There is nothing to fear in the act of beginning. More often than not it knows the journey ahead better than we ever could. Perhaps the art of harvesting the secret riches of our lives is best achieved when we place profound trust in the act of beginning. Risk might be our greatest ally. To live a truly creative life, we always need to cast a critical look at where we presently are, attempting always to discern where we have become stagnant and where new beginning might be ripening. There can be no growth if we do not remain open and vulnerable to what is new and different. I have never seen anyone take a risk for growth that was not rewarded a thousand times over. John O’Donohue, Irish poet and philosopher Excerpt from To Bless the Space Between Us.

Wondering what might be ripening when not being sure if any seeds are sown and will be fruit, let alone be ready to harvest, is an act of courage. I was invited to consider this week, in a moment, I was fumbling in the dark to meet. Grief is a tar baby and seduces stagnation into making a home somewhere behind the eyes where tears form. Being creative might be the antidote to shift the stickiness of grief that seems to get worse the more one tangles with it. Yet, inside this stickiness seeds have been sown, and they are being watered and fertilised with stabs in the dark.

I have been inspired by the bravery of a woman refusing to be silenced by lies and abuse this week in the most public of domains, a Senate enquiry.
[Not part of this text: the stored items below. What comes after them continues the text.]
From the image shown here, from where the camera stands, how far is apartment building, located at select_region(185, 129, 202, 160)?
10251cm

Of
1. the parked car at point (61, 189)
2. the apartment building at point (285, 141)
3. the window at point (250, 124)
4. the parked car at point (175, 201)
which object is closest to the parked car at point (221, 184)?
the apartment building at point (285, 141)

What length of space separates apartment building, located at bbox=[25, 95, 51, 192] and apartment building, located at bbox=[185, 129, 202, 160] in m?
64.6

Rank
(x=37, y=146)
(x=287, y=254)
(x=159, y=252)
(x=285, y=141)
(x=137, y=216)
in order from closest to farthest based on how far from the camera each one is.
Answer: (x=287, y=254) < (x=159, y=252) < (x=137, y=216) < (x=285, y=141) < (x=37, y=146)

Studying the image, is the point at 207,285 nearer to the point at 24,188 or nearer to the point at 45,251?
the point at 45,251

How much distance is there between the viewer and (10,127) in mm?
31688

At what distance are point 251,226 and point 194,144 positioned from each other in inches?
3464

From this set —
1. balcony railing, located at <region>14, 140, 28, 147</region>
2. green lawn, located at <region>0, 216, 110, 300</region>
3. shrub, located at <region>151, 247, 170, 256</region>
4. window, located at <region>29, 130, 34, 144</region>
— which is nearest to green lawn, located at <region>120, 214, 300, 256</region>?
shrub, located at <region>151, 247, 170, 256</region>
How she risked herself to speak her truth to power encouraged me and many, many others. We have more stories to be shared, more women to be heard and it is not OK that it is only the white women, educated, with a platform to be heard that are the ones being heard. We have more truth telling to come – the women and children removed from their lands, murdered, raped, starved of basic human rights since colonisation begun. I long for a Truth and Justice Commission aka South Africa’s for the First Nations of this country so their voices can be heard and a reckoning arrive. I am imaging a process that starts with a smoking ceremony and a litany of names of warriors and freedom fighters and martyrs and sacred places, read into the public record. It would go for days and days, nights and nights until it was done. The grief of this tar baby cannot be moved until those of us non First Nations peoples experience some of the uncomfortable stickiness of this on the soul of our country. We need to risk to become whole, to be vulnerable to find out what might be possible. A new moment to meet is ripening and the seeds have been sown in the 30 years since the Black Deaths in Custody Royal Commission. Pat Dodson, former Royal Commissioner and now Labor Senator says I sense that the same sort of storm of suspicion and accusation is gathering as that which precipitated the royal commission in 1987. Political resolve has been lacking, and the Morrison government’s response to growing concerns about the recent cluster of deaths has been quite desultory.
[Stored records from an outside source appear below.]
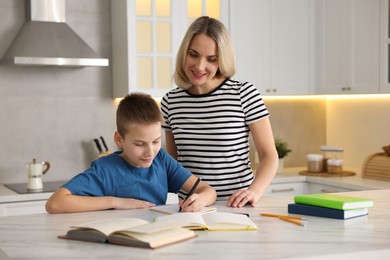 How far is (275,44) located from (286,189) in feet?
3.46

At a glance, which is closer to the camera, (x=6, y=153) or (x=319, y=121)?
(x=6, y=153)

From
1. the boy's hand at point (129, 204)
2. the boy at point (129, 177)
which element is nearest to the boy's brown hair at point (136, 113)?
the boy at point (129, 177)

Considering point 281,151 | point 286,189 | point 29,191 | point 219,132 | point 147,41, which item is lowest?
point 286,189

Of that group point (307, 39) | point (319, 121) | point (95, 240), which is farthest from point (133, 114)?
point (319, 121)

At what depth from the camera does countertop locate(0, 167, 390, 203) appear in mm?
3750

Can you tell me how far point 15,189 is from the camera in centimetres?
394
Meeting this moment is not coming easily, but it is coming, and us settler folk can’t hold our breaths forever. It is time for some creativity, some courage and some solidarity.

Photo by Johan Mouchet on Unsplash

Meeting the moment 2021 #15

When love comes to town it arrives as a cloud of sound and muscle memory aides accompany the voices employed to bring forth harmonious blasts worthy of Phil Spector and any Hammond organ – that’s how I feel when a room is full of choristers swaying to the beat under the direction of the maestro Tony Backhouse. Within an hour or so, sixty voices are singing as one and each individual contribution offers a placeholder; we are each others scaffold.  The power of sound and the spaces of silence in between are all the reminder I need of the value of making room for both. 

It’s been a noisy week and at times a cacophony in public places where the ones who have loud hailers still seem to drown out those who are speaking truth to power.  A number of conversations I have been in this past week have been washed in colonisation, under written by the blood of martyred First Nations and laced with the deepest of griefs of loss of love, family, friends, land and sea.   I get to sing in a repurposed church hall with confidence, saturated in goodness while around five hundred Aboriginal people have died in custody in the last thirty years, and flags at half mast for the death of the 99 year old consort of the monarch, fly in their face. This is a tone deaf moment.

I am lost in curiosity about what might be possible if all the flags flew at half mast every time there was a death in custody, let’s start small though with the Aboriginal flag in our city square. (The square is named Victoria, and the city Adelaide, named after the consort of a monarch William IV, who on his death, having failed to produce a child the monarchy went to his niece Victoria.) Hope the Lord Mayor is reading this or perhaps someone could forward it to her?  Tarntanyangga is the place of the red kangaroo and is getting more currency over the years in its use in public signage. The space is now shaped in the Kaurna shield, and while one of the architects of the White Australia Policy Kingston hovers on the edge, I was overjoyed when the place was brimming at the seams during the #BlackLivesMatter rally in June 2020 and again in March 2021 for the #Justice4Women March knowing Kingston was not a fan of the original women’s suffrage bill. He was also the first federal member for Adelaide in the fledgling federation he helped to created.  I love these quirks of fate that turn up like an augmented fifth blues notes in an other wise predictable set of chords and scales. There are plenty of them all around us and soon as we start to tune in, its easy to hear them.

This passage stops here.